17 e) Nach Abzug der auf A entfallenden anteiligen Versorgungsleistungen sind die zu
berücksichtigenden Einkünfte der A in den Streitjahren geringer als der Grenzbetrag, so dass
dem Kläger Kindergeld in der beantragten Höhe für die Streitjahre zusteht.

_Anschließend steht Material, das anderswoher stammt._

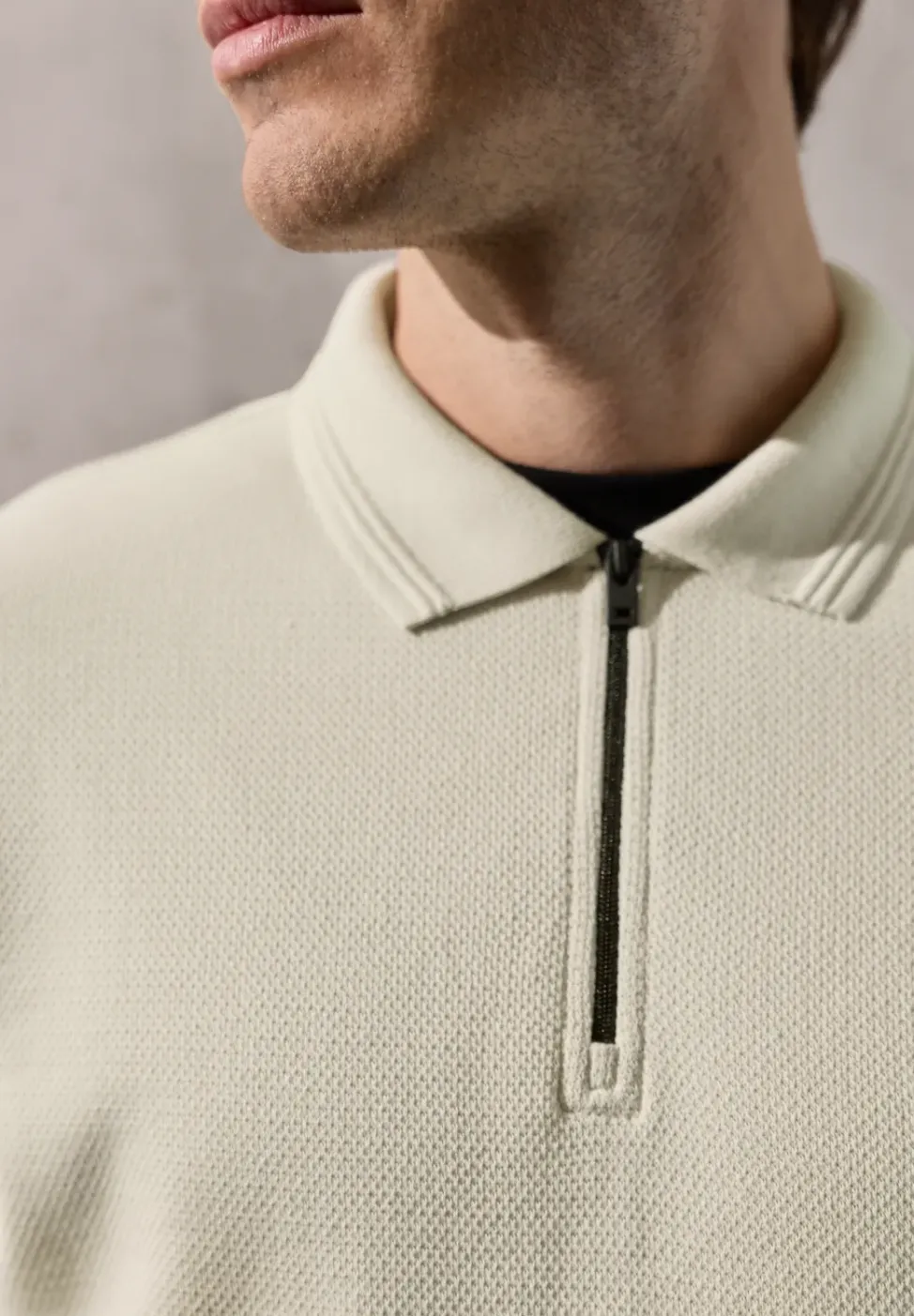 Poloshirt mit Struktur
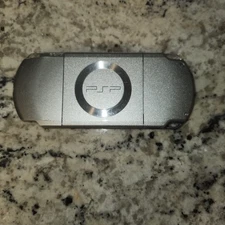 Sony PSP 2001 Handheld System - Silver - AS-IS - PARTS/REPAIR No Battery 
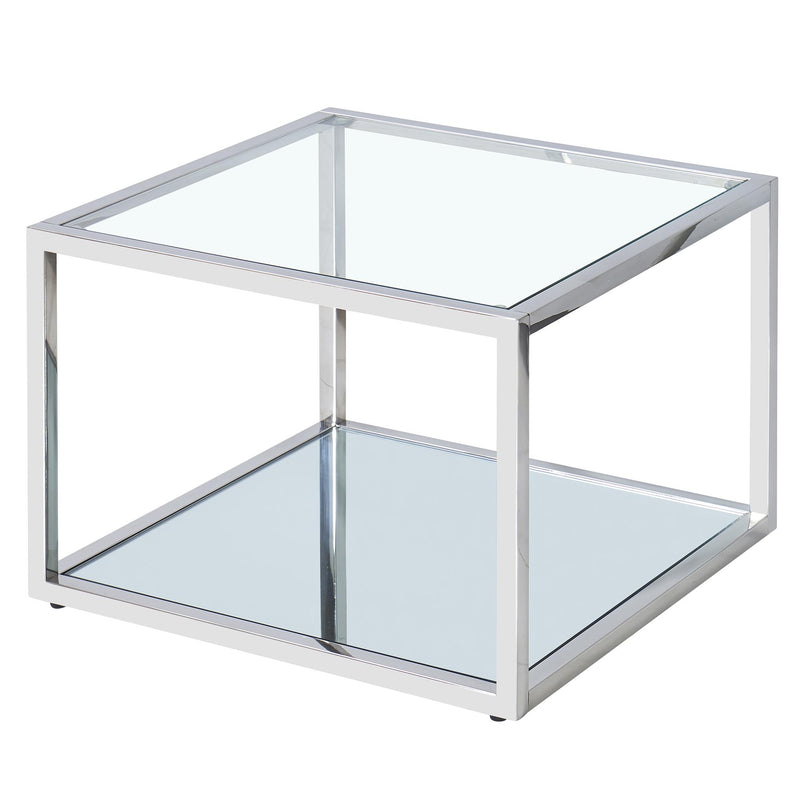 !nspire Casini 301-632CH_S Small Square Coffee Table - Silver IMAGE 5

18 2. Der Senat weicht mit seiner Entscheidung nicht vom BFH-Beschluss vom 26. November
2008 III R 20/06 (nicht veröffentlicht) nach § 126a FGO ab, durch den der BFH die Revision
gegen das Urteil des Niedersächsischen FG vom 29. November 2005 13 K 189/02 (juris) als
unbegründet zurückgewiesen hat.
19 In dem vom III. Senat entschiedenen Sachverhalt waren die Versorgungsleistungen an die
Kindergeldberechtigte selbst zu zahlen und führten daher zur Erhöhung der
Leistungsfähigkeit der Kindergeldberechtigten, sodass deren Entlastung durch Kindergeld
nicht geboten war, denn nach der Rechtsprechung des BVerfG gebietet der Zweck des § 32
Abs. 4 EStG, dass für die Einbeziehung von Mitteln des Kindes in die Bemessungsgröße für
die Freigrenze die mögliche Entlastungswirkung solcher Mittel bei den unterhaltspflichtigen
Eltern entscheidet, weil es auf deren Leistungsfähigkeit für Gewährung und Begrenzung von
Kindergeld und Kinderfreibeträgen ankommt (BVerfG in BVerfGE 112, 164, BFH/NV 2005,
260, Beilage 3 Rdnr. 39). Anders als in dem vom III. Senat entschiedenen Fall stehen im
Streitfall die Versorgungsleistungen nicht dem Kindergeldberechtigten, sondern einem
Dritten zu. Der III. Senat hat auf Anfrage mitgeteilt, dass er wegen der unterschiedlichen
Sachverhalte keine Abweichung von seinem Beschluss vom 26. November 2008 III R 20/06
sehe.
20 3. Die Entscheidung ergeht im Einverständnis der Beteiligten durch Urteil ohne mündliche
Verhandlung (§ 90 Abs. 2, § 121 Satz 1 FGO).